The entrance to Kibbutz Be'eri at the beginning of the war
The entrance to Kibbutz Be'eri at the beginning of the warPhoto: Yossi Zamir, Flash 90

Shalom Sheetrit, a Golan fighter who participated in the battles on October 7, spoke to Channel 7 about the puzzling instruction he and his friends received the night before the massacre not to go on a patrol along the fence.

He revealed the directive at a meeting of the lobby for reserve personnel. Sheetrit opens his remarks in the interview with a comparison he makes between October 7th and the actual Holocaust, a statement that he says he makes a point of saying over and over again, but it is not mentioned or quoted.

He recounts the events of the night before the October 7 attack, how he, along with his friends Yotam Sror and Itamar Ben Yehuda, the late who was killed in the terrorist attack, sat by the battalion radio at the Pega outpost near Be'er Sheva. "We sat playing on the phone, we had such a sleepless night," he says, and in his testimony in the Knesset he noted that since these were soldiers from the mortar division who would be able to rest the next day, they preferred not to go to sleep and in fact replaced the soldier who was supposed to be listening to the communication and allowed him to sleep.

At 5:20 in the morning, the message came: "We were playing on the phone and suddenly a strange message comes from my battalion commander, who was mortally wounded and woke up after two months of being sedated and ventilated, and what he says on the call is something like this: 'I don't know why, but an order was issued that there are no patrols at the fence until nine in the morning.'"

As a soldier in the mortar platoon, Sheetrit says that every morning the platoon goes on alert and, in his estimation, there are no mornings when there are no patrols on the fence, "because you are in an operational battalion and that is part of the matter."

His words remind us of the question that quite a few military personnel raise: how come the fighters didn't go on alert at dawn? Is it possible that this order was what left them in bed? To this, Sheetrit doesn't answer with confidence. "I don't know how to answer it that way. In our mortar department, there was an alert at dawn, and we woke up. It's possible that in the patrol departments, they were told not to wake up. I don't know. I don't want to just say that."

When asked if anyone had contacted him and his friends to obtain these details as part of the investigation into the events of the battle in Bari, due to the fact that the outpost is so close to the kibbutz, Sheetrit replied, "A Golani casualty officer told me that there was an investigation last Thursday if I wanted to come and tell about what happened at the Pega outpost, but I am at a point where I have lost trust in politicians and generals in the army. They promised us that we would win and there will be no Hamas, and we are far from that. It is difficult for me to sit at the same table with them and hear what they have to say, and that is why I avoided coming to this investigation."

The force at the Pega outpost, emphasizes Sheetrit, is the force that was supposed to protect the kibbutz. "Unfortunately, we were not up to the task. There were dozens against hundreds of terrorists, 25 against 150, and so we couldn't arrive, unfortunately. I'm far from being a military man who can give answers to questions, the situation hurts me just as it hurts everyone."

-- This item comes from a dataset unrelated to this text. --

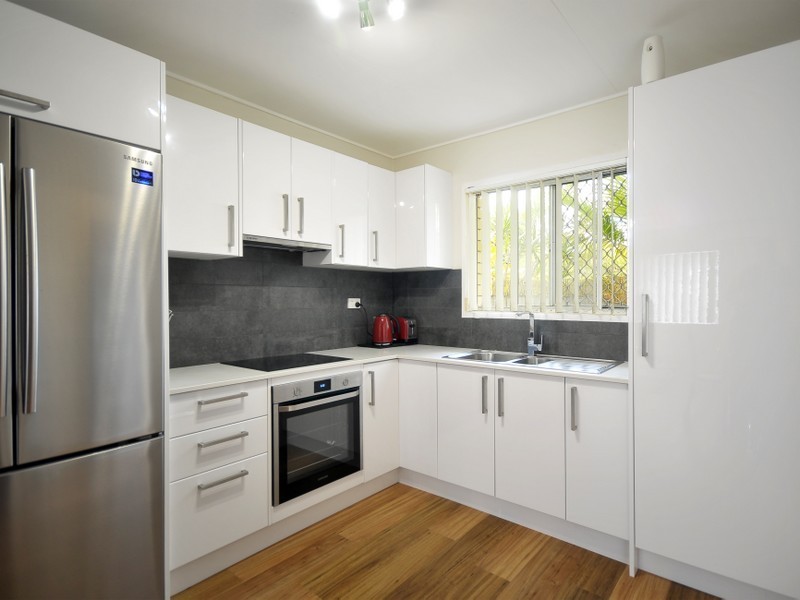 2/22 Twenty Seventh Avenue, Palm Beach QLD 4221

We also asked Sheetrit if, since the incident, during the nine months that have passed, he has had any thoughts, doubts, or assessments about that message that was transmitted by radio an hour and twenty before the attack broke out, and he says: "I tried to ask military personnel why and what happened there. The blood of my friends and the blood of many people in the country was spilled in a huge tragedy and I tried to understand why it happened and how."

"I asked why there was no patrol and they told me there was a threat of a sniper attack by an N.T. I don't know if that was the reason. I'm a simple soldier and not a great military man, and I only know in my role what I need to do, so I don't know how to answer well and I don't know if I accept that answer because I know that the N.M.R. is armed with N.T. weapons. So maybe they're right and maybe not."

"In hindsight, we could have done a lot of things, we could have listened to the observers, we could have brought up the air force and these things didn't happen. That's the failure. It's not a failure of the fighters on the ground, but of the higher levels in the army, of people who went down to Eilat even though we informed them a week in advance that there was intelligence information. What, our lives aren't worth it? I'm fed up with the generals and I really like the army. I want there to be a coup by the generals in the army and those who control the wires. The situation up there is not good."

Shalom Sheetrit also says that after his testimony, many people approached him who were also shocked by the things he said. He, for his part, responded with these answers. "I'm in a place where I try not to get into things. There's so much blood on people's hands in the country that you want to know who's guilty and how it happened, but I don't want to put myself in a mental state that could do bad things to me."

The IDF Spokesperson's Office responded by saying that "the IDF is in the midst of the operational investigation process of the events of 7/10, including the battle at the Pega outpost. When the investigation is concluded, it will first be presented to the bereaved families, and then it will be published transparently to the public."